This week was a very special week for me because it gave me an opportunity to analyze all that I have done over the past semester at my placement. I see how far I have come, and all that I have improved on. When I set a goal for myself, I do everything I can to accomplish it, and I can honestly say that I have done just that. One part of my job that I will miss are all of the students that I have gotten so close to. I have become very attached to all of the kids because they had the power to brighten my day. They made me laugh and really enjoy my days at co-op. Sometimes we had problems, but in the long run, it made our teacher-student relationship stronger because we had more respect for each other. The students have been awesome since the first day I was at my placement. They welcomed me into their environment with open arms, and warmed up to my presence very quickly. This past week has really put this into perspective for me, in that we have come so far. I have gotten closer with the students each day, and will always remember the good times we have had. I will also miss Mme. Mercer and the unwavering support she has given me this semester. She has always been there for me to ask questions and learn from. She has taught me so much, and her dedication and commitment to education has inspired me to be the same. Seeing her interact with the students has allowed me to see myself in the future. She has taught me so many valuable lessons; ones that I will take into the future.

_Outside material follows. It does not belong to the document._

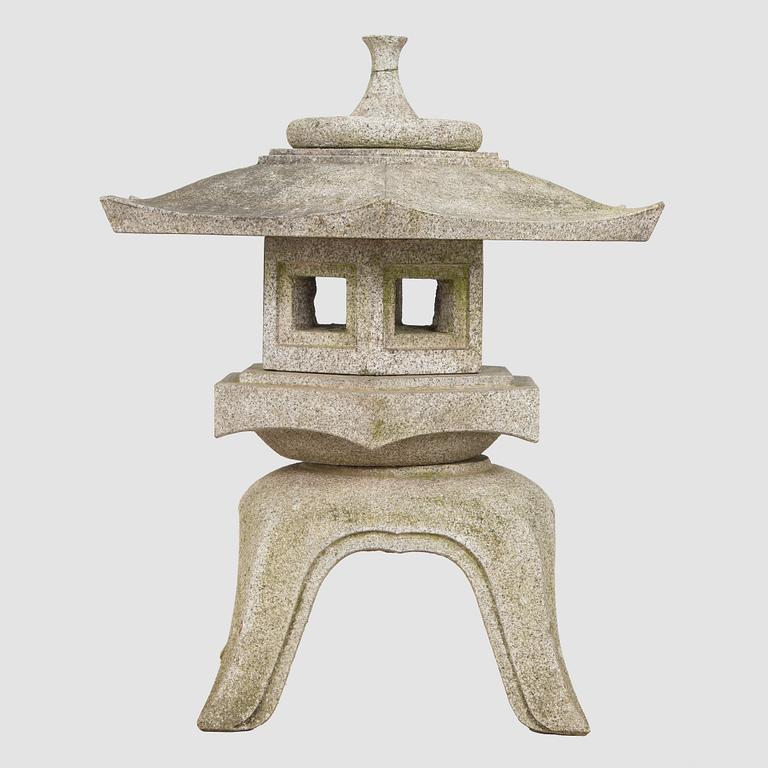 Puutarhalyhty, yukimi-dōrō, Japani.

I think the hardest part of the job has been the conflict resolution. I had trouble being an authority figure in the classroom because I think the students saw me as more of a peer/friend, and decided to take advantage of me. I did not enjoy yelling or being firm/assertive to the class, but I now realize that this is neceassary if one wants to be successful within the classroom. If I could talk to a student that will be coming to St. Andrew next year, I would tell them to not be afraid of diving into something new. You should not be afraid to try new things, because in the long run it results in you learning something new.
Saying goodbye this week was very hard for me. Not just because I have worked with these teachers for the past few months, but because I have known them for many years. These great individuals are my past teachers, and saying goodbye to them again was very hard for me. Over this past semester, they have all done so much for me. They have gone out of their way to welcome me into their work environment, and provide me with activities that will enhance my skills and work ethic. I hated saying goodbye, however, in all the sadness I saw how much I have truly accomplished. I have come so far, and met so many nice people during my stay, and in thanking them for everything, I became very emotional.

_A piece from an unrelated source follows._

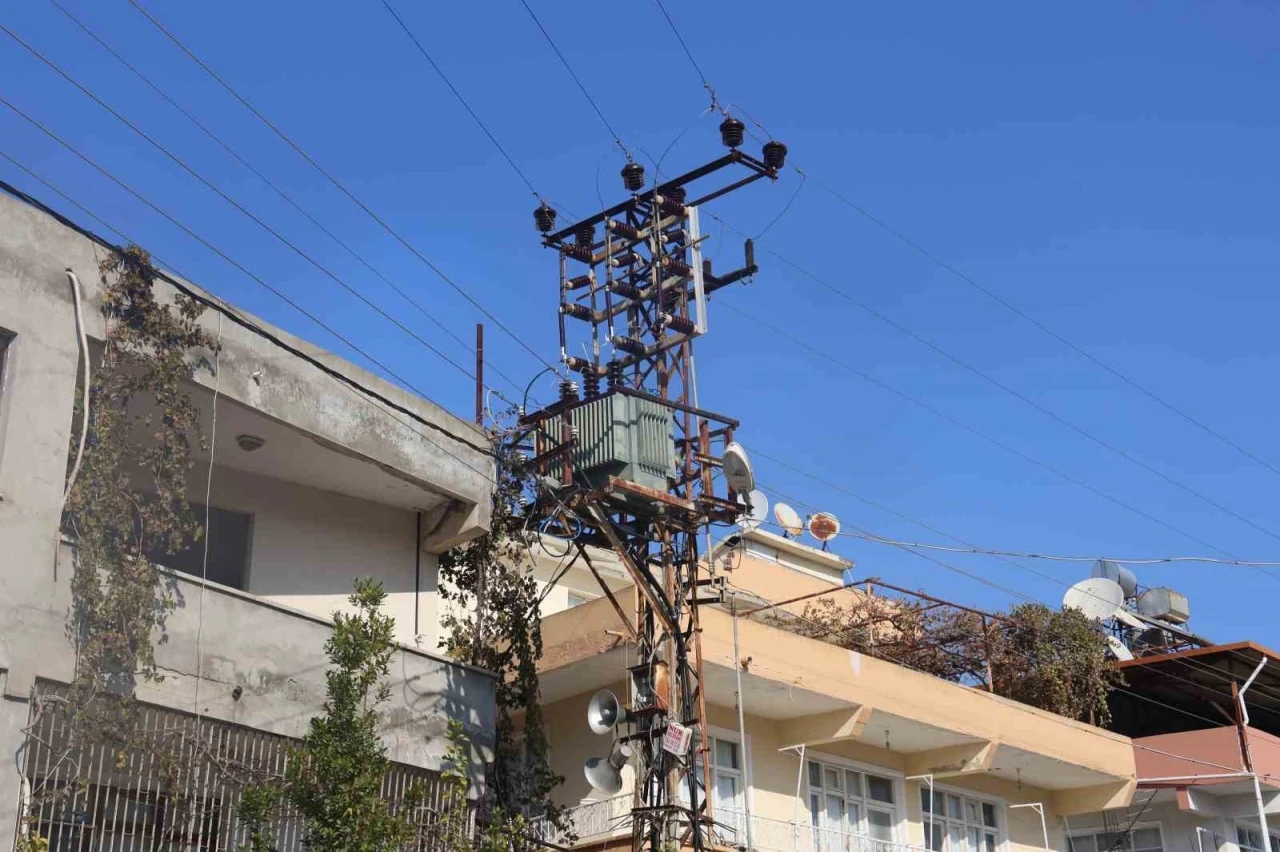 Bomba gibi patlayan trafo vatandaşları tedirgin etti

Looking back on my co-op experience, I feel that I am more confident and self-assured. I have become more outgoing, and self-assured. Co-op has helped me with so many other aspects of life, and I am looking forward to pursuing this career. I feel that I have done the best I could have done in everything I was assigned to do. I am a hardworker, and I truly think it showed in the work that I have done here at my placement. I cannot wait to use the new skills I have learned here. I feel so much differently about myself, and I think that these new qualities will only benefit me in the future. I believe that this experience will help me in the future because I have gained valuable experience in the field, and have pinpointed areas that need improvement, and those that I am strong in. I now have the opportunity/advantage of working on the skills I need to improve on, so that one day, I may have a head start. I saw how this career runs, and I can actually see myself being a part of it.
My last day ended with me doing one last task for Mme. Mercer and I was very sad to do this. It really hit me that I was not going to work at my placement, and I am very sad to go, because I became very attached to all those who have helped me. I said goodbye to all of these wonderful people, and was sure to thank them for all that they have done for me. I will never forget this experience, and I am so thankful I was able to have this opportunity. I feel that I have gained an insight into this career, and am more sure than ever that I want to pursue it. This reassurance is all thanks to co-operative education-thank you!